Electronic Life
Crichton was already successful as a novelist, having published The Andromeda Strain, The Great Train Robbery, Congo, and other books. Several of these had already been made made into movies. Of course he would become vastly more famous later, with Jurassic Park and the television show E.R.
Electronic Life is written as a glossary, with entries like "Afraid of Computers (everybody is)" "Buying a Computer" "Computer Crime," and so forth. The book shows signs of being hurridly written, as few of the entries reflect any research. The computer crime entry, for example, is three pages long and contains only four hard facts -- specifically, that institutions were then losing $5 billion to $30 billion a year on computer crime, that Citibank processed $30 billion a day in customer transactions using computers, that American banks as a whole were moving $400 billion a year in the U.S., and that the Stanford public key code (not otherwise described) was broken in 1982. No examples of computer crime are given, though by 1983 such accounts were appearing in the mainstream press, and dedicated books on the topic had been around for at least a decade (I own one British example dating to 1973). Detailed descriptions of such capers make for good reading, so Crichton's failure to include any tells us that he did not take the time to visit the library when he wrote this book.
Electronic Life is of interest to modern readers in only two respects: first, Crichton's descriptions of then-current technology provide an amusing reminder of how far we have come. Second, and more significantly, Crichton's predictions for the future are worth comparing with what has actually developed.

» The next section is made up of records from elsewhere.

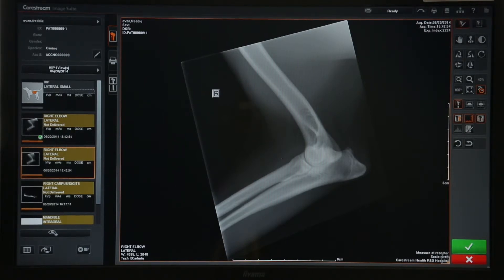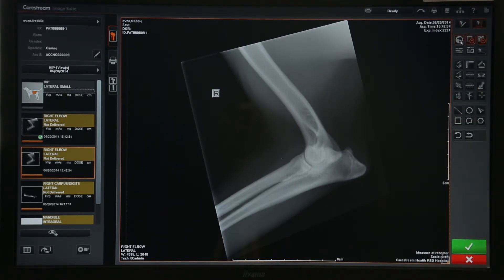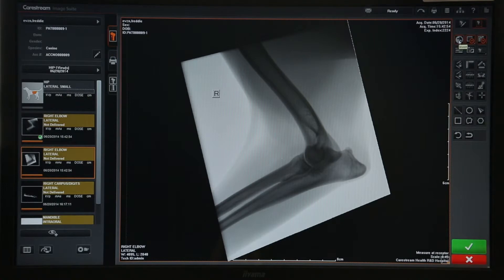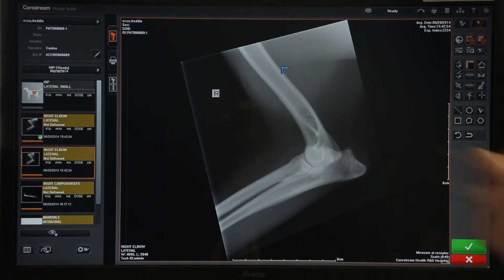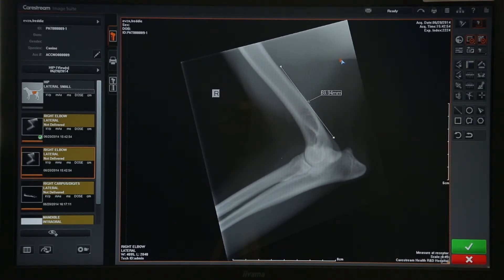You also have advanced tools on the system under the second tab. In advanced tools you gain functions like inversion, where black goes to white and white goes to black, and this is also where all your measurement tools are. The ruler is the most simple one — from the point of the arrow you first click, move the mouse to where you need to measure to and click again, and it will give you a measurement. If you don't want that measurement you can drop it in the bin.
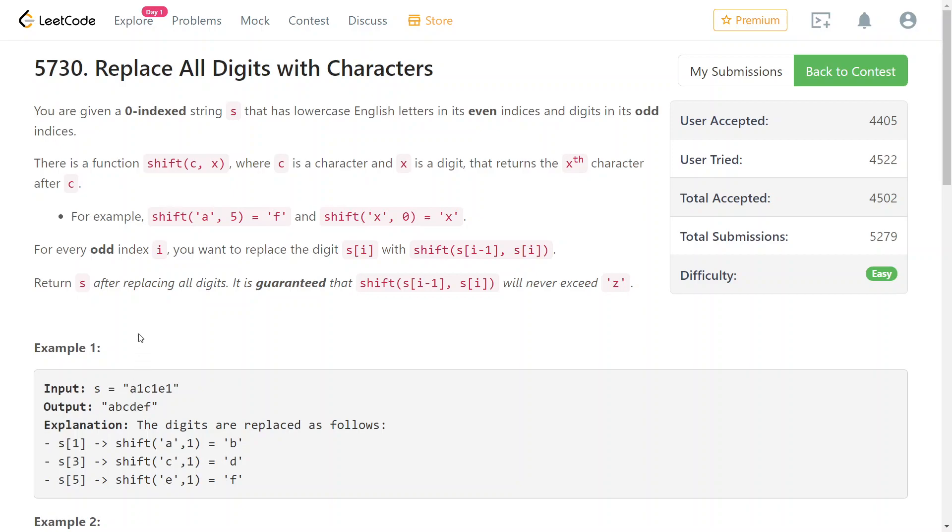And for every digit, you need to replace that digit with the previous character plus that digit. So, for example, A plus 1 is B, C plus 1 is D, and so on, right?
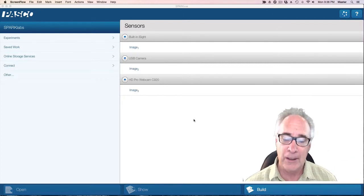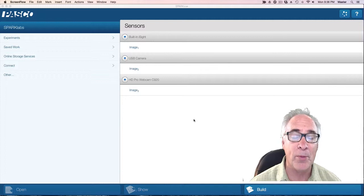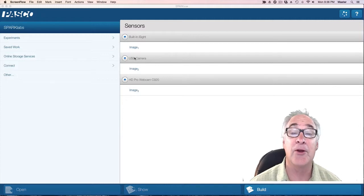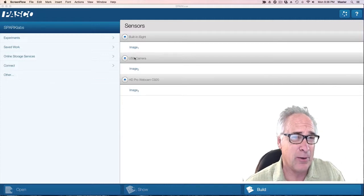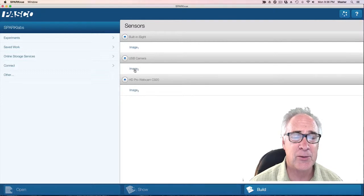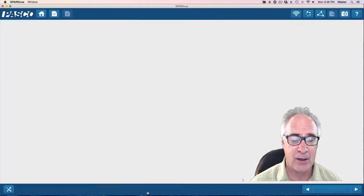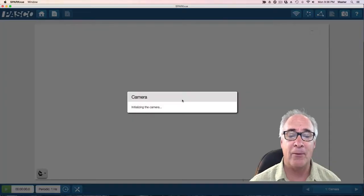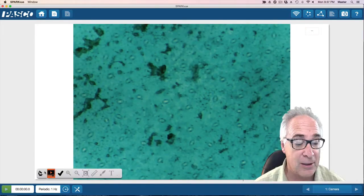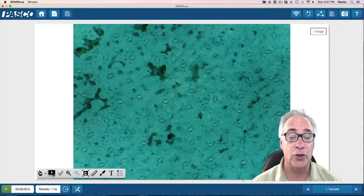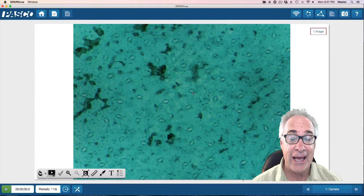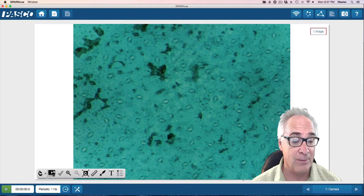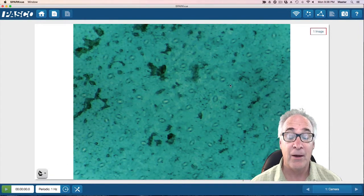I've got PASCO Spark View open. At this particular point I'm looking for the USB camera, because that's really all the microscope is. I'm going to click Image, then Show, and then I want the camera to play its image. Now I'm going to click on that and it should save that image.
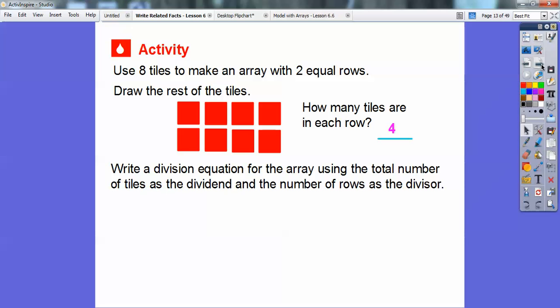Write a division equation for this array using the total number of tiles as the dividend. The total number of tiles is 8, and the number of rows is the divisor. So we write this as 8 divided by 2, because 8 tiles total divided by 2 rows gives us 4 going across. So, 8 divided by 2 equals 4.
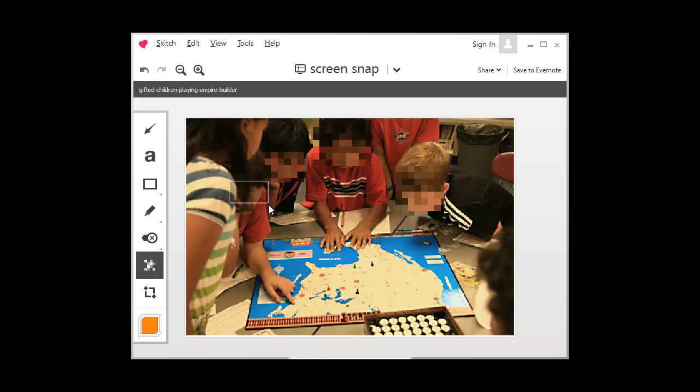And voila, you have it. You can save it out and use the image as you like.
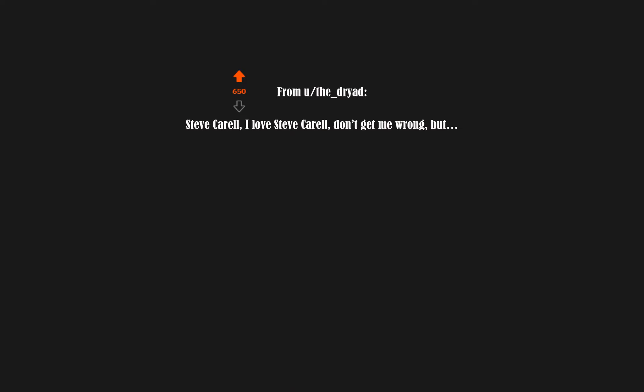Steve Carell. I love Steve Carell. Don't get me wrong, bud. Tina Fey. No wait that would fucking rule.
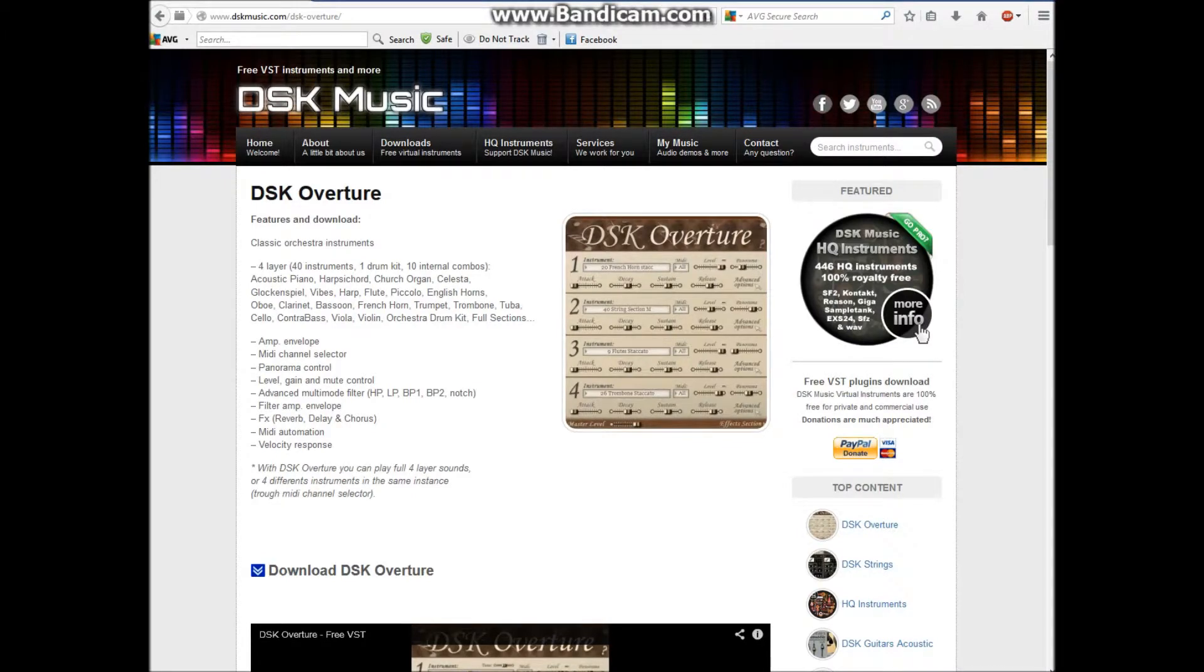Hi guys, I'm back with another tutorial. This one is on how to install a plugin in FL Studio.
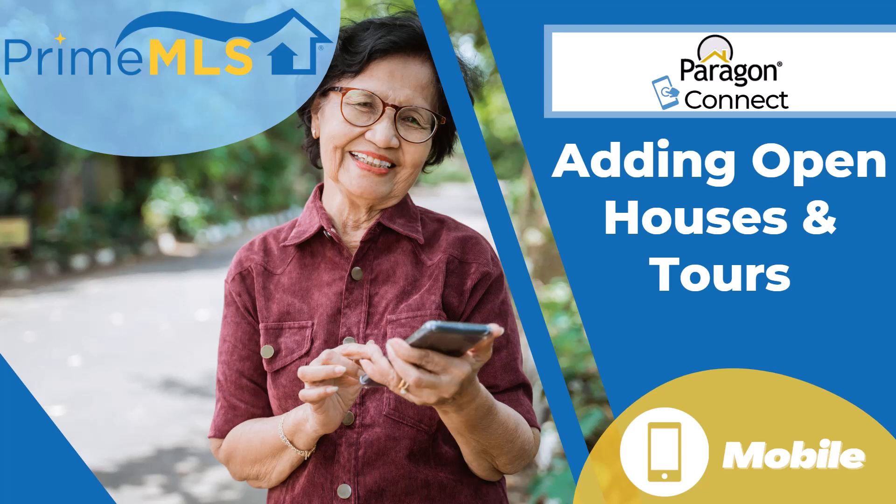If you're away from your computer and need to add an open house or tour, that's no problem. You can do that easily with Paragon Connect.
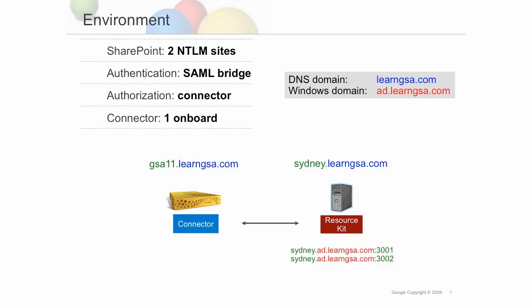This concludes our tutorial for configuring the SharePoint connector on the search appliance using an onboard connector, NTLM without a prompt using the SAML bridge, and connector authorization without ACLs. For more information on configuring an off-board connector or Kerberos authentication or using ACLs during authorization, check the documentation or further training.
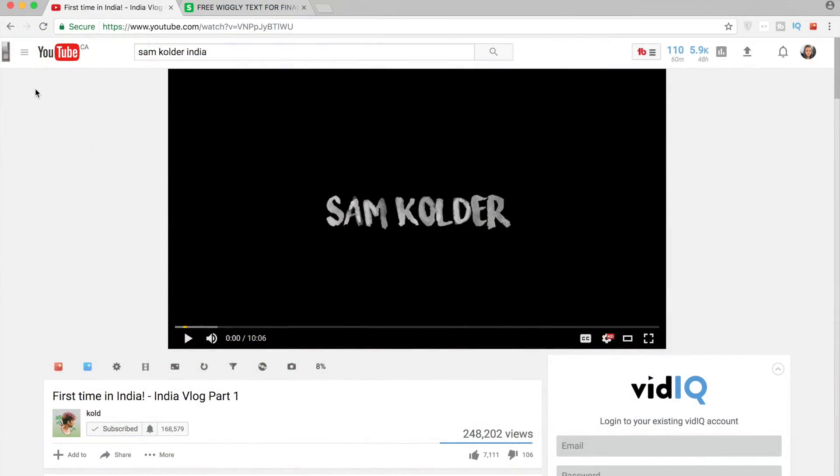What's going on guys, as you can probably tell from the video, this is going to be about wiggly text for Final Cut Pro. I hit 5,000 subscribers this week which is absolutely insane, so as a thank you, just like I did for 4,000 subscribers, I want to do a little giveaway of a title preset that I've made in Motion.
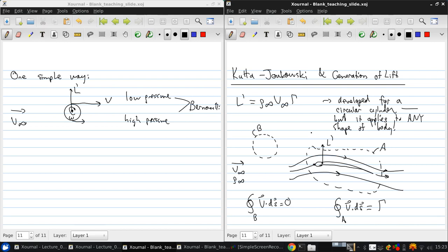So why does this work? Why does it not matter that we don't have a cylinder in here? Well, one way to think about it is that we can show that you can get the flow over an airfoil by distributing vortices all along the surface. And so one way you can think about this is that if there were many small vortices and you took a contour around all of them, the total circulation would be the sum of the circulation of those vortices.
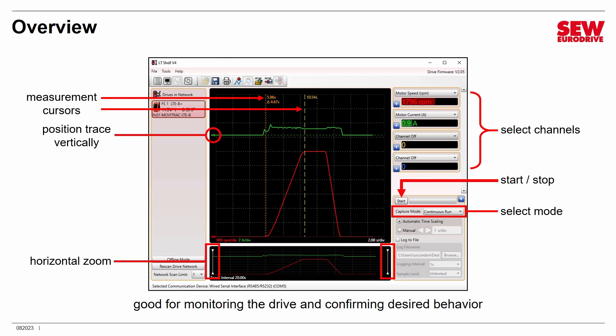There are two measurement cursors — they start on the right and left side of the screen. As you grab them and slide them over the trace, you will see the value of the traces appear in their channel windows. For example, grabbing the second cursor and moving it shows that at that spot the values are 1796 RPM and 0.9 amps. You can use the two cursors together to take time measurements by positioning them at the beginning and end of an event. This allows you to take measurements on your traces and tells you a great deal about your VFD.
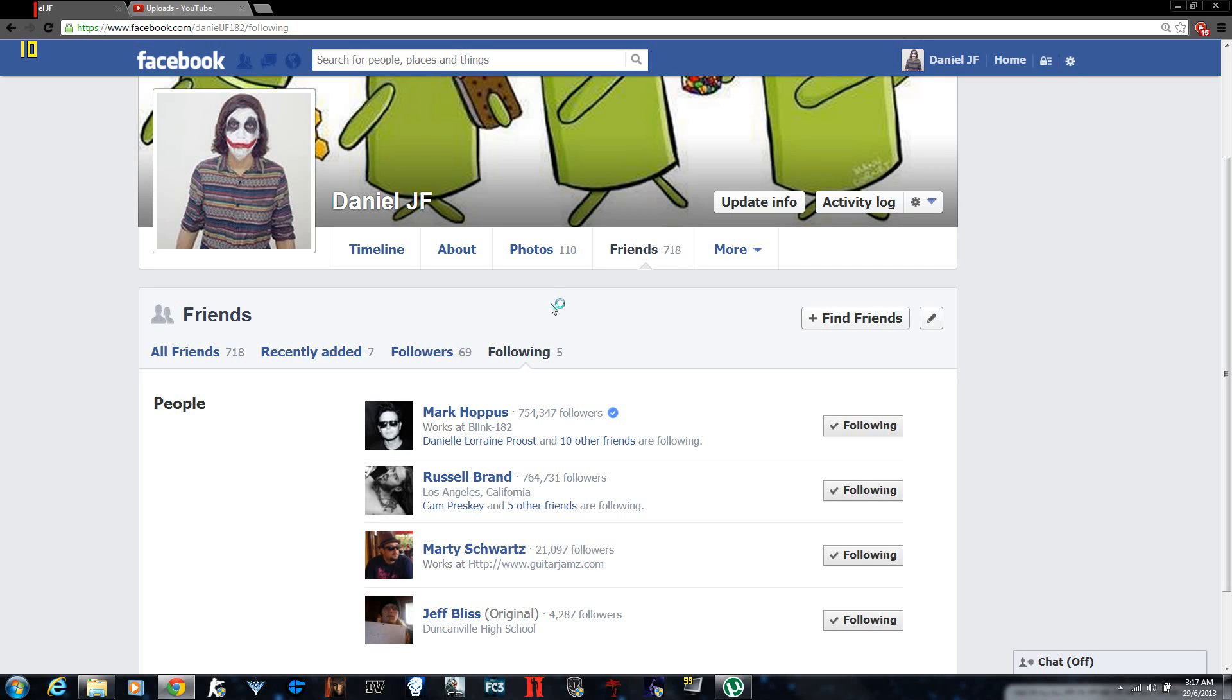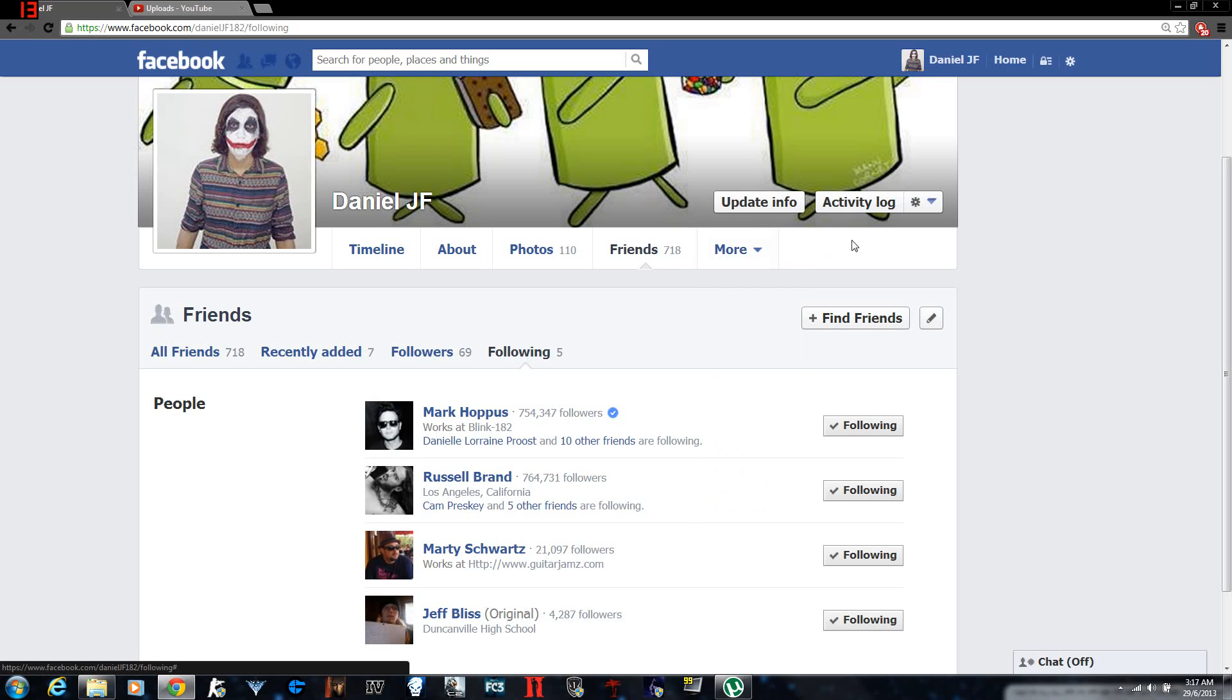Hey what's up people, this is my tutorial and I'll be showing you how to hide your friends from your friends on Facebook. What you gotta do basically is you go to your profile and then you go to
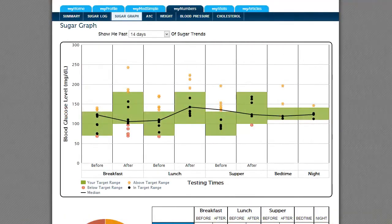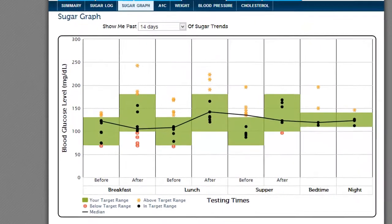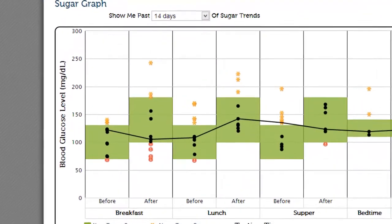Welcome to your personalized sugar graph. This is where you can see your sugar entries laid out in graph form. The graph makes it easy to see where you are doing well and where your blood sugar control could use some work.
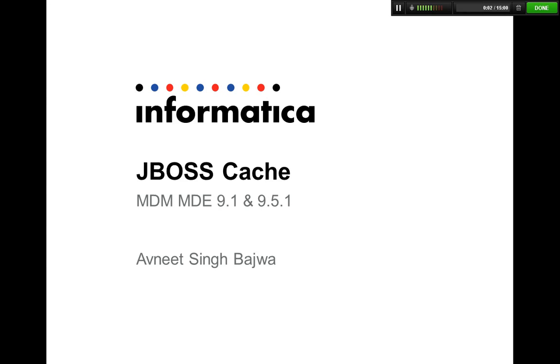Hi y'all, I'm Avnit. I work with Informatica GCS and in this presentation we're going to talk about JBoss Caching.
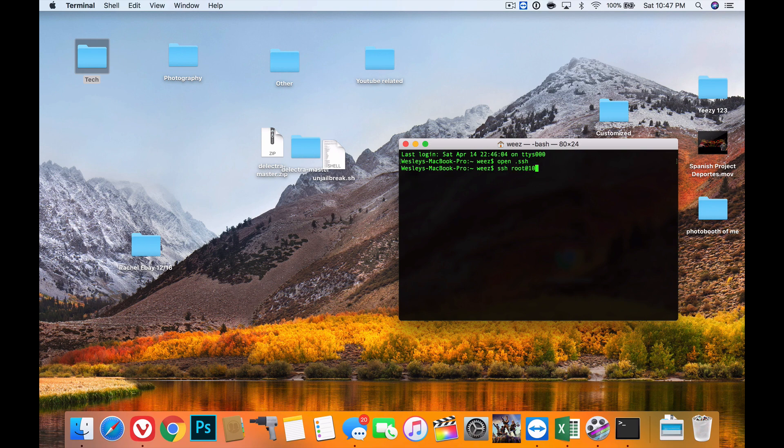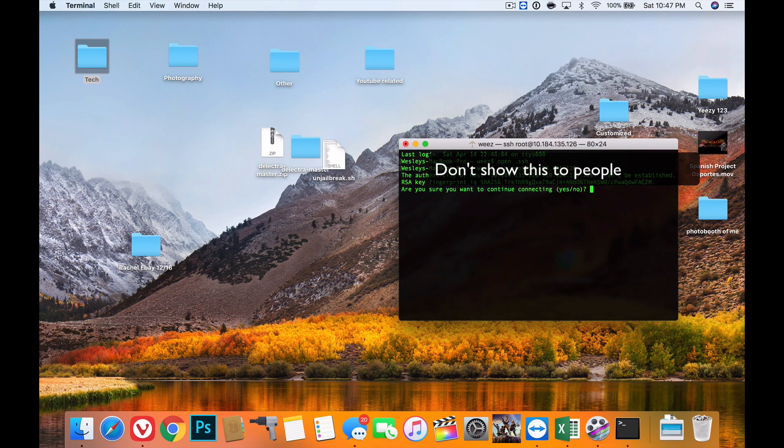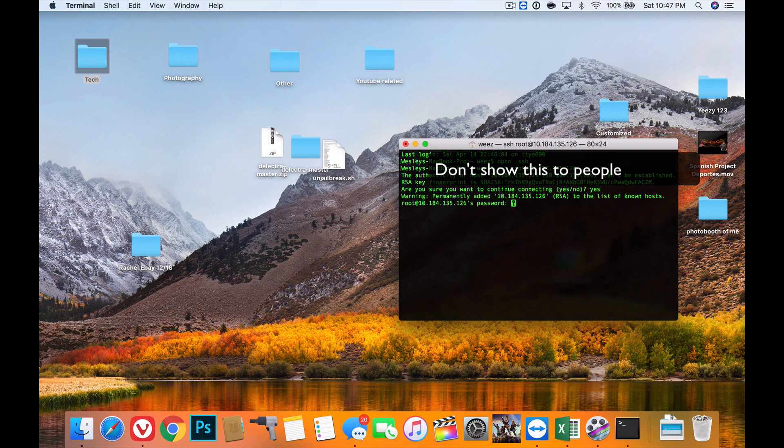Mine is 10.184.135.126. Then you type 'yes', and then type in the password as Alpine unless you changed it.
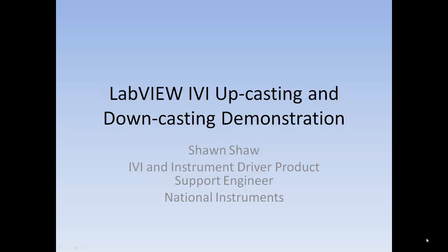Hello, and welcome to the LabVIEW IVI upcasting and downcasting demonstration. My name is Sean Shaw from National Instruments.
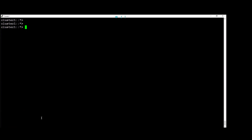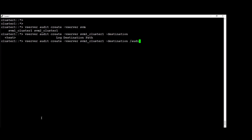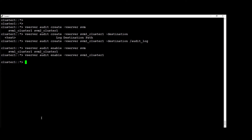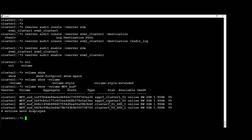In order to create a new staging volume, we run 'vserver audit create' for vserver1 with destination 'audit_log'. A new volume is going to be created. Then with 'vserver audit enable' we enable auditing. If we check 'volume show -volume', we're going to see that the new volumes are created and they are active.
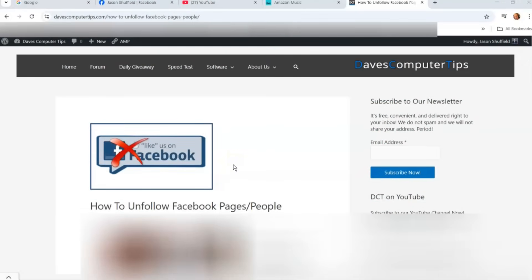Hi, this is Jason with Dave's Computer Tips with another how-to video for you. This one's on how to unfollow Facebook pages and people. That's right, you can unfollow people. Sometimes you follow someone you don't realize you did, or you're following someone you don't want to follow anymore. I'm going to show you how to turn those off.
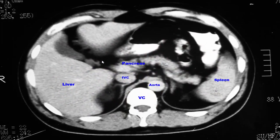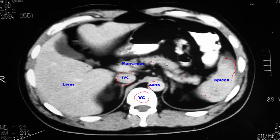In CT of the abdomen, we can find the spleen, here the spleen, this is the pancreas — body of the pancreas — and this is the aorta, inferior vena cava, and vertebral column. This is the liver, occupying the right side.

As an example of the first sort of passage, on page 140 he points out that if you ask your computer to compute 5.01*5.02-5.03/2.04*100.5+3.06+20.07-200.08+300.09/1.10, there will be a noticable delay as it works out the answer. Later he suggests that a user would do well to buy a CP/M based system, because of all the excellent applications for that platform.
Crichton writes science fiction, and he knew very well that computers would soon do more than was possible in 1983. Such predictions are largely absent from this book, but a few entries do let us see what he expected for the future (other resurrecting dinosaurs, I mean). First, Crichton correctly expected that computer networks would increase in importance. He saw this as a matter of convenience -- computers can share pictures, which you can't do with a verbal phone call, and computer networks can operate asynchronously, so you can leave information for somebody and have have them pick it up at their convenience.
He also makes predictions for computer games, first explaining that there are several types of games:
- Arcade Games (which are in turn split into 'invader games', 'defender games', and 'eating games'.)
- Strategy Games (chess, backgammon, etc.)
- Adventure Games (text-based interactive fiction)
Most interestingly in his predictions, Crichton clearly expected that computers would soon be as normal as home appliances like washing machines. He never anticipated that, through vastly increased numbers and reduced cost, they would become omnipresent and perhaps invisible.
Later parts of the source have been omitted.